··· EXERCISE DATA

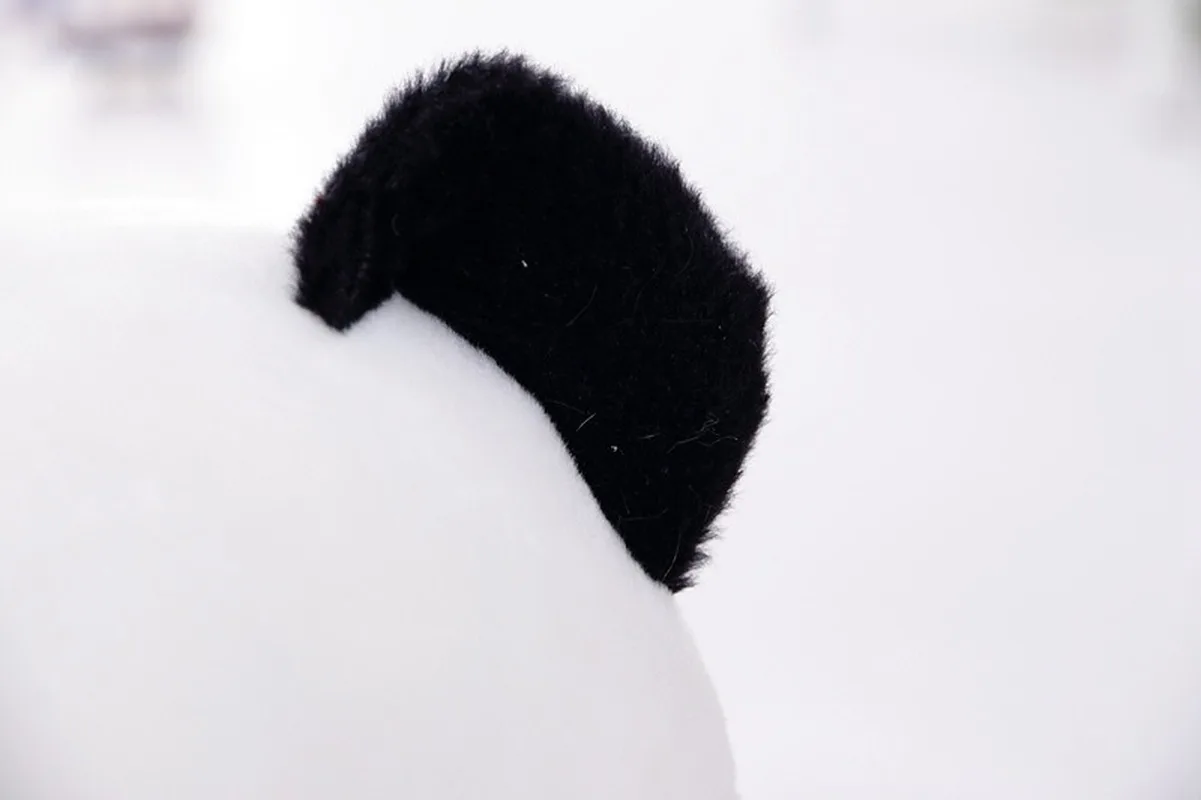 Cute Mother and Son Panda Pillow Bedding Super Soft Plush Toy To Girlfriend's Christmas Gift Bedroom Decorations Travel Pillows | Дом и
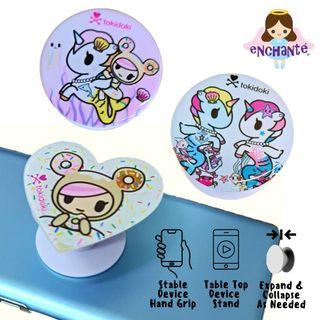 tokidoki Mobile Buddy - Pearla & Donutella
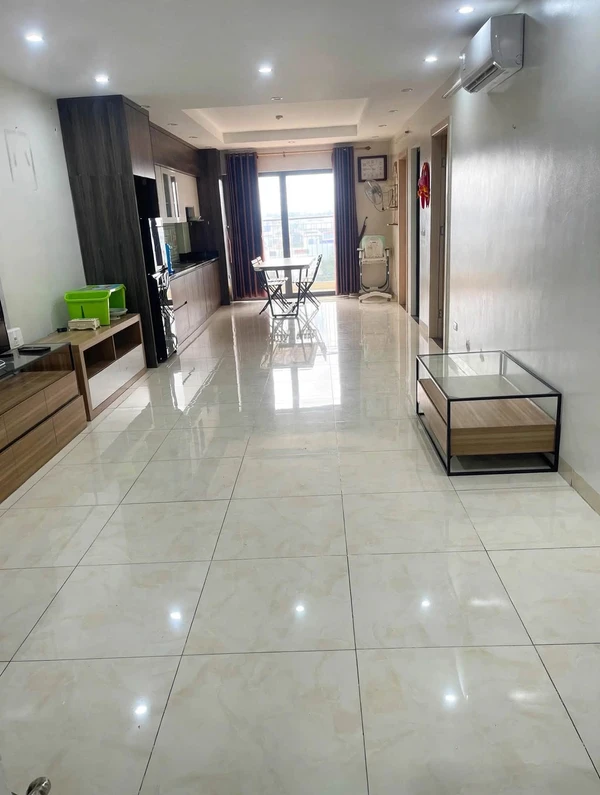 Bán căn hộ cao cấp Lideco Hạ Long 93.2m2, 3 tỷ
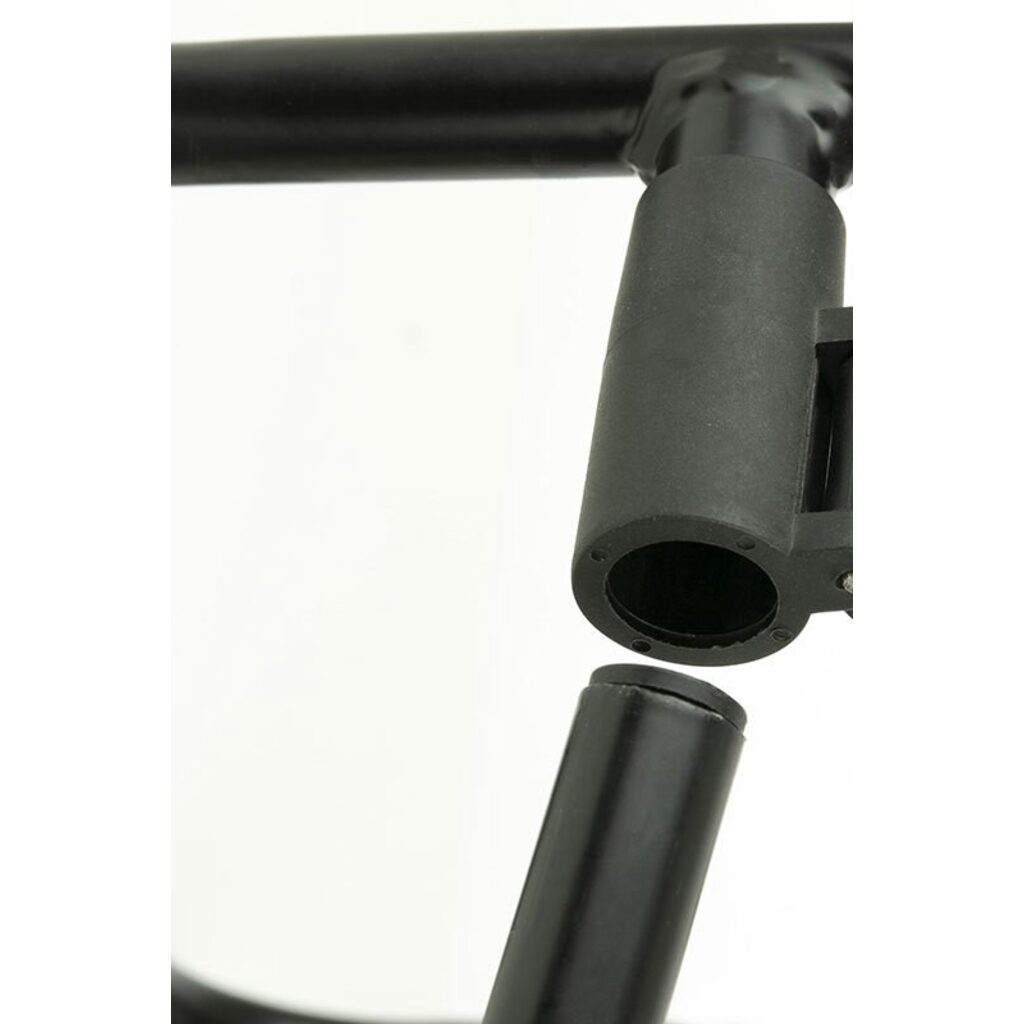 Прикормочная станция Fox SPOMB double bucket stand kit Прикормочная станция Fox SPOMB double bucket stand kit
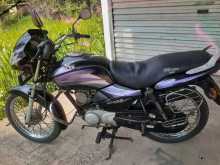 TVS Star Sport 2009 Motorbike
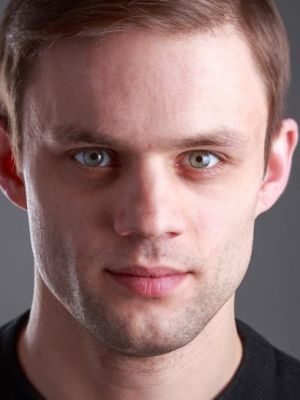 Ged Petkunas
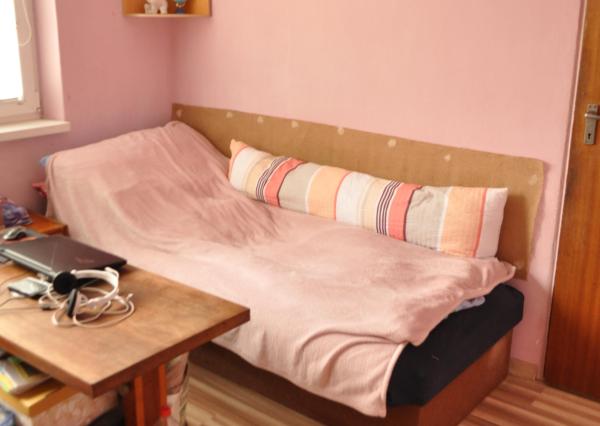 Byt 4+1 sídl. Mier, Spišská Nová Ves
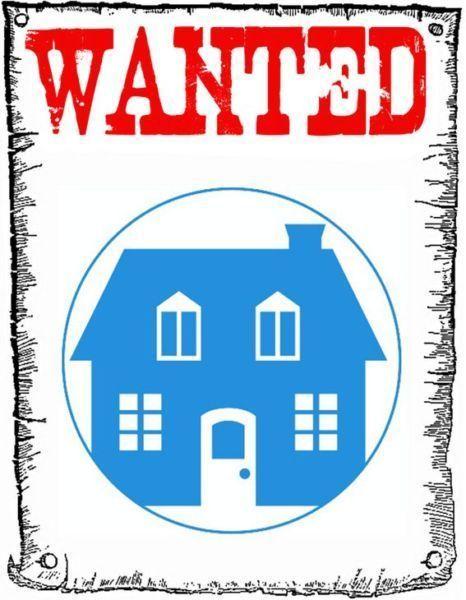 Wanted: LOOKING TO RENT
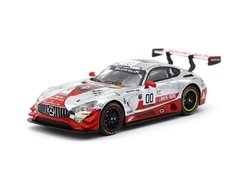 Tarmac 1:64 Mercedes AMG GT3 Spa 24h 2016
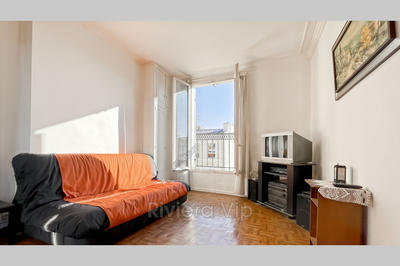 Appartement - 23 m² - 1 pièce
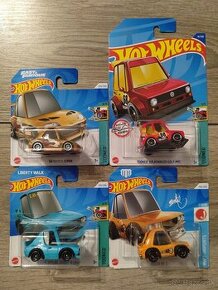 Toones Hot Wheels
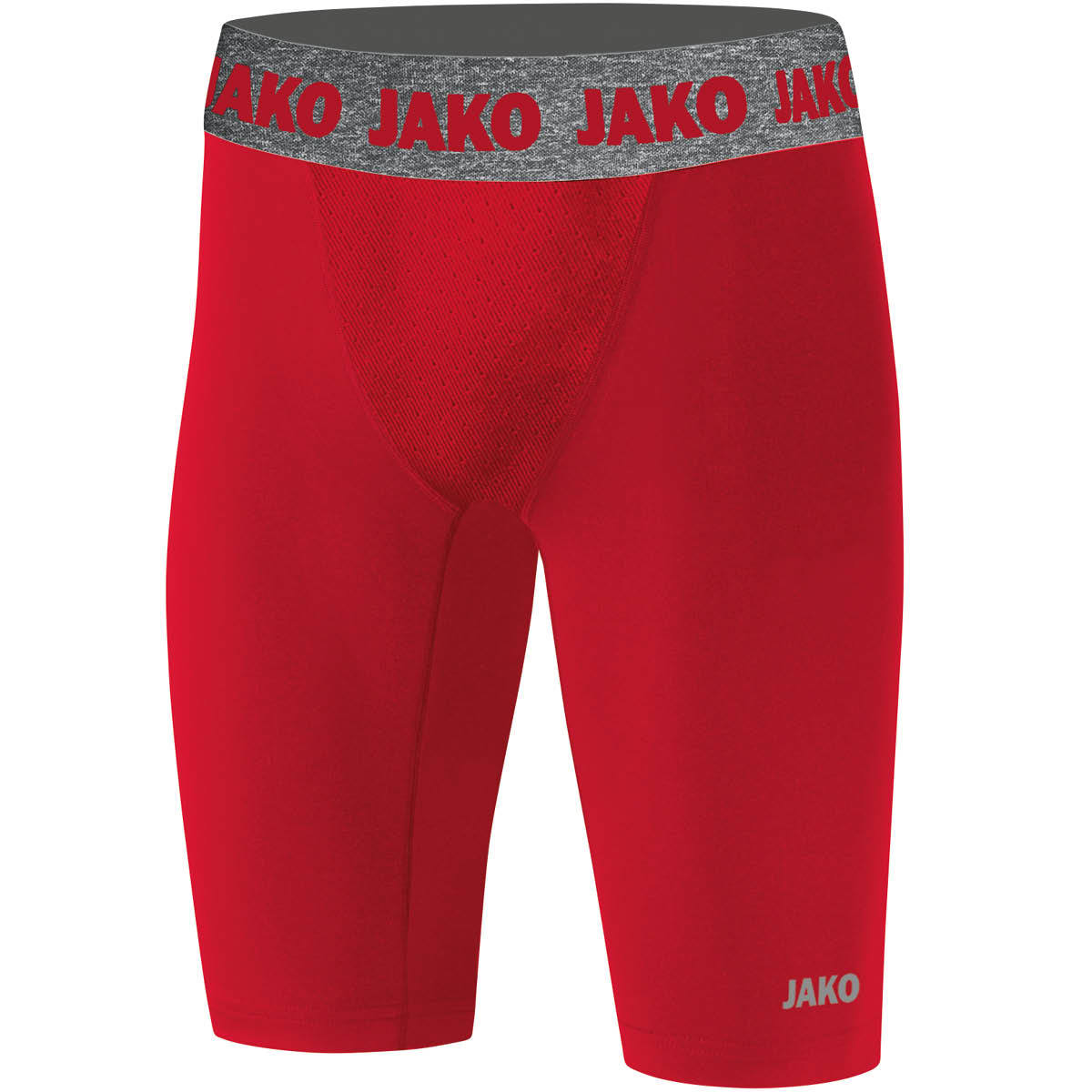 JAKO Short Tight Compression 2.0 - sportrot (01)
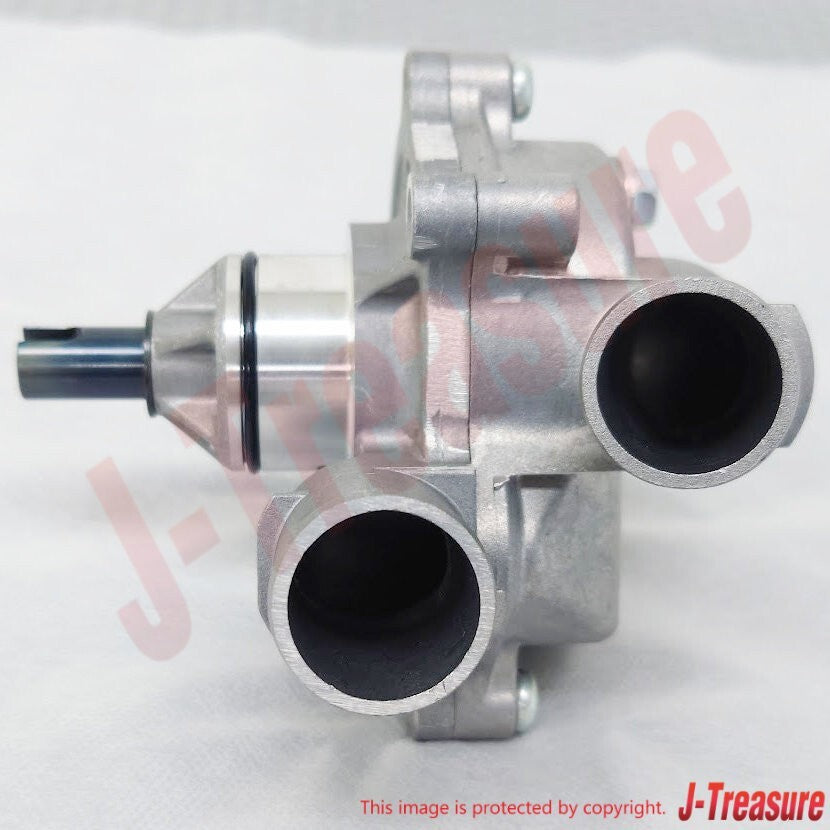 SUZUKI GSX-R600 2006-2007 Genuine Water Pump Assy 17400-01H01 OEM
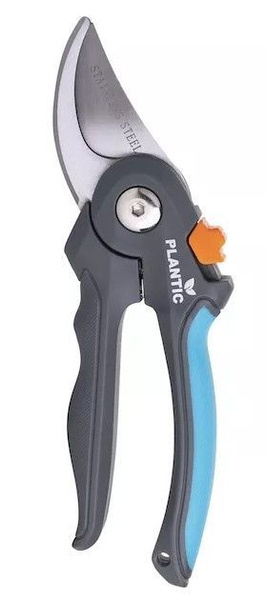 Секатор PLANTIC Секаторы, сучкорезы для садовых и комнатных растений/20 ...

······

TASK REQUIREMENTS:
Starting with the line that holds "Wanted: LOOKING TO RENT", return each line exactly through the final line of the entries above; pictures are not part of the output.

REPLY TO THE EXERCISE:
 Wanted: LOOKING TO RENT
 Tarmac 1:64 Mercedes AMG GT3 Spa 24h 2016
 Appartement - 23 m² - 1 pièce
 Toones Hot Wheels
 JAKO Short Tight Compression 2.0 - sportrot (01)
 SUZUKI GSX-R600 2006-2007 Genuine Water Pump Assy 17400-01H01 OEM
 Секатор PLANTIC Секаторы, сучкорезы для садовых и комнатных растений/20 ...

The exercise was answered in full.